From a brand identity standpoint, the shift in consumer sentiment towards holistic, natural products has played right into TCM’s hand. Its 2,000-year history cements its authenticity—to some degree—as does its being bound to natural or herbal ingredients, which most consumers believe are gentler.
As Shefali Srinivas, vice president and APAC health lead at WE Communications, puts it: “People in this region are looking for a more holistic approach to health. They trust allopathic medicine, but also have immense faith in the power of traditional medicine. There is still plenty of room for brands that can combine both approaches and offer evidence-based TCM.”
A matter of trust
This remains arguably the biggest obstacle for TCM’s wider growth: evidence and proof of effectiveness and concerns about safety.
“When it comes to medicine of any kind, traditional or otherwise, safety and efficacy are paramount,” Srinivas states. “It’s not merely about good PR; it needs to be about having scientific research and scrutiny to back up product claims.” After all, you may take a chance on a pair of jeans, a new shampoo or a laptop, but you wouldn’t take a chance on anything that might compromise your health.
Proven scientific data within TCM remains fairly hard to come by. But today’s consumers can access information within seconds, and the TCM brands that don’t answer questions about their products will be quickly isolated and irrelevant.
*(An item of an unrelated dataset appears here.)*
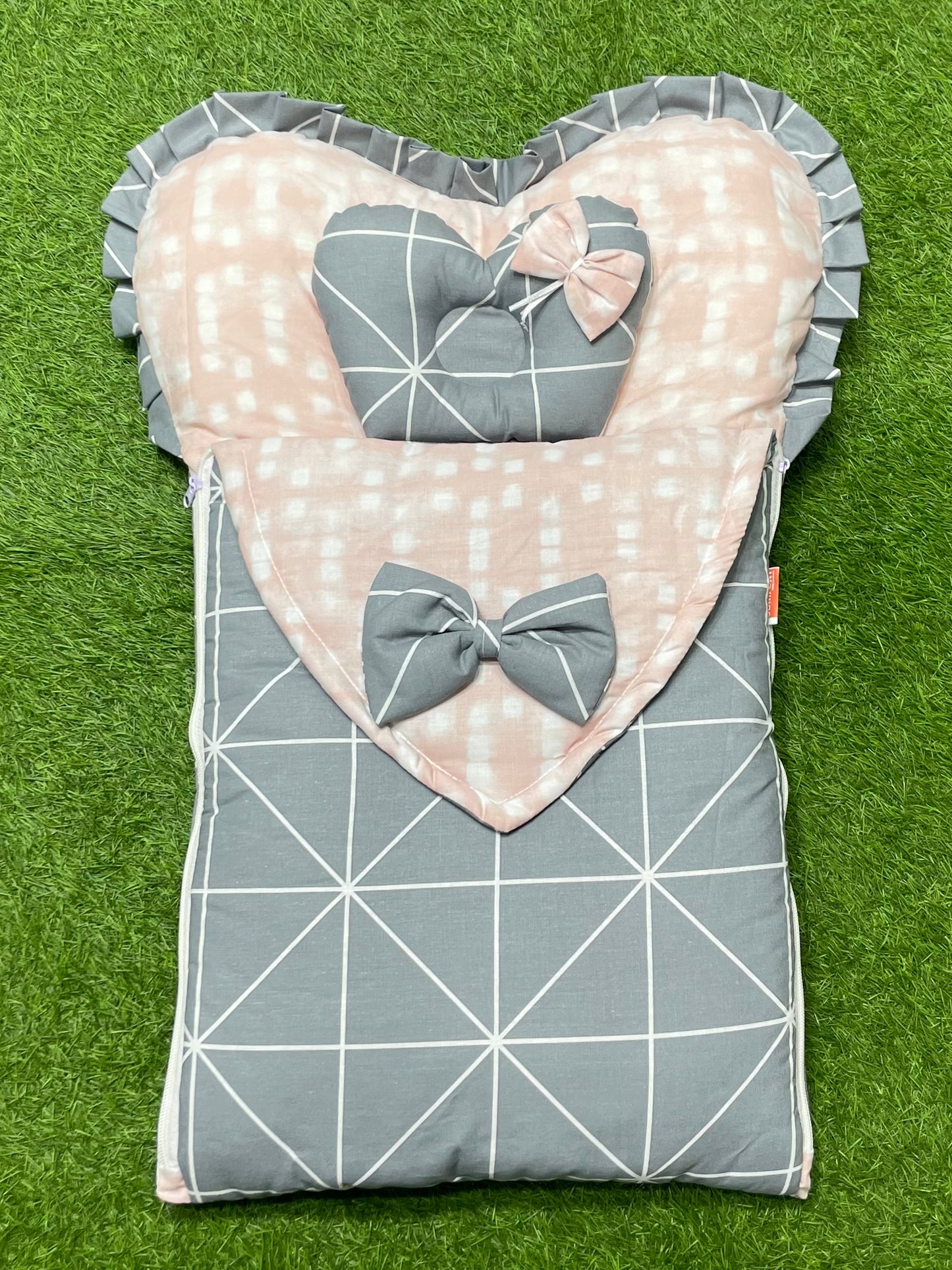 Heart Shaped Style Fancy Carry Nest - Grey Pink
For example, just recently a study suggested a link between certain herbs and high rates of liver cancer in APAC markets, but China's regulatory body responded that it is keeping harmful substances out of traditional medicines.
“Today’s consumers are worried about safety and quality,” says Srinivas. “To stay relevant is to provide credible, evidence-based information about conditions where TCM can play an important and complementary role.”
The leading TCM brands have taken big strides in this area, publishing studies regarding their products. Moreover, Shen says the Chinese authorities have strengthened regulations and manufacturing processes around TCM, which has contributed to its steadily wider acceptance.
More work still needs to be done PR-wise, with many consumers still concerned by talk of harvesting ingredients from endangered species and other malpractice in the creation of TCM. Again, practices have changed and modernised—this includes China itself, which announced the closing of its legal ivory trade in June.
Despite these ongoing issues, the indicators are that TCM brands are in demand more than ever, with some even taking their brands across the world to announce themselves on the world stage. Tong Ren Tang opened its first US stores last year and, more extravagantly, Guang Yu Yuan sponsored Chinese designer Liu Qing at Paris Fashion Week last month.
The lure of TCM is also bringing Western brands to China. For example, Switzerland’s Givaudan, the world’s largest flavour and fragrance maker, announced in October it will start using TCM in a new range of products.
China’s government is heavily promoting TCM, both locally and internationally. With brands effectively fusing its long heritage with modern, progressive branding and communications, it seems TCM will be around for many more years to come.
“With a rich history of over 2,000 years,” says Srinivas, “and all its unique insights and theories about human health, it is rightly seen to be a national treasure.”